For operators, bearing in mind you’re already stretched thin in your work, your expertise is what will guide digital maturity and what will be integrated throughout the forces. Push for early adoption.
2. Digital Maturity Model
The inclusion (and adoption) of the digital maturity model caught me partly by surprise, but is a very welcome addition. Although I personally don’t have any opinions about the model itself as a tool, it begins to show that DND/CAF is thinking about what to do and the steps to get there.
The digital maturity model is one widely used in the private sector, and provides an easy way to view where the CAF presently is at, which is simply Digitally Aware. The Campaign Plan rightly identifies this, exemplified by the existence of many analog systems and processes and low levels of digital literacy. To what degree DND/CAF are on the way to digitally enabbled is something I am unable to answer, and likely no one but the new DND Digital Transformation Office will be able to (eventually) answer. Typical of this approach is “decentralized efforts” of CAF digitization, which I and other CAF docouments have referred to as ad hoc efforts of developing digital capabilities. This gives rise to what appears to be the two initial core objectives to achieving digital maturity:
Convert analog systems to digital; and
Improve digital literacy.
In many ways this is a chicken or the egg scenario, whereby one of the biggest obstacles to converting existing analog systems are those with insufficient digital literacy who say no. It is for this reason why I stress the need to problematize those who are sustaining this resistance to digital services and capabilities. Resistance to change and innovation is the recipe for military disaster.

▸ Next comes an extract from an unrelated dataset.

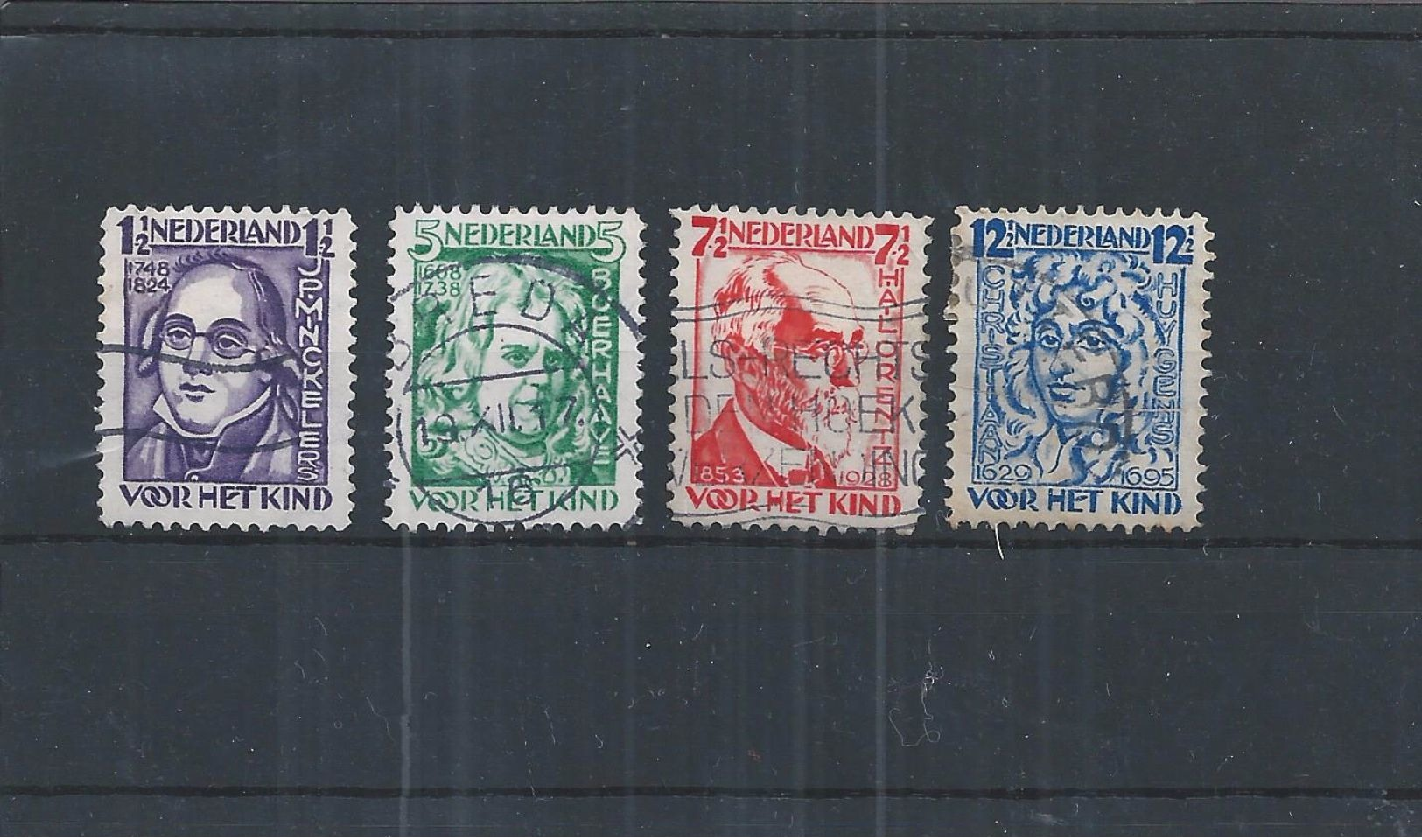 NederlandPayBas 220-23 O (NVPH 13 EUR) JaarAnnée 1928 - Oblitérés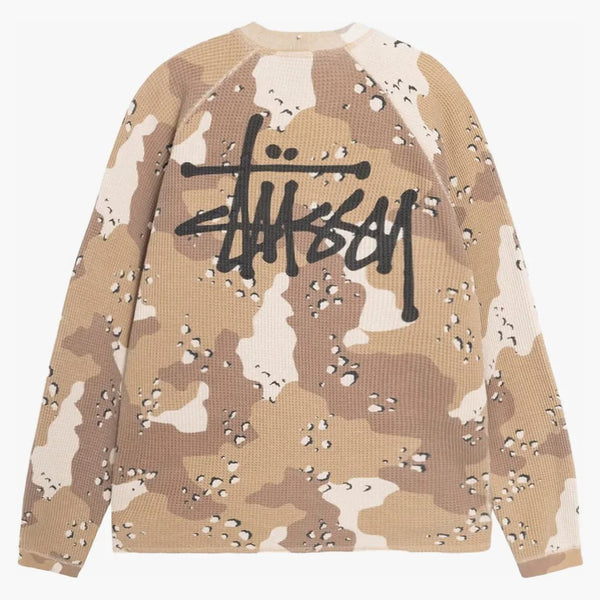 Stussy Raglan Thermal L/s Crew Desert Camo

However, the plan suggests that once the CAF has digitally transformed, that CAF digital transformation efforts “will be coordinated, coherent, and comprehensive to achieve enhanced operational advantage in the battle space and improved stewardship in the corporate space.” This is inherently part of the problem that has led DND/CAF to where it is today. The coordination and coherency of these digital transformation efforts is critically what has delayed , in significant part due to bureaucratic resistance and procurement issues that has desperately needed more attention by senior DND/CAF leadership and cabinet.
While perhaps the idea is that once the CAF has digitally transformed that all of this will occur as second nature and as core doctrine to working digitally in the forces, but the coordination of such cannot be left to individual units and expect digital transformation in a timely manner. Bearing in mind that DND/CAF needed digital transformation to start last decade, there needs to be more engagement on how to adopt agile methods specifically with the objective to mainstream digital transformation throughout DND/CAF.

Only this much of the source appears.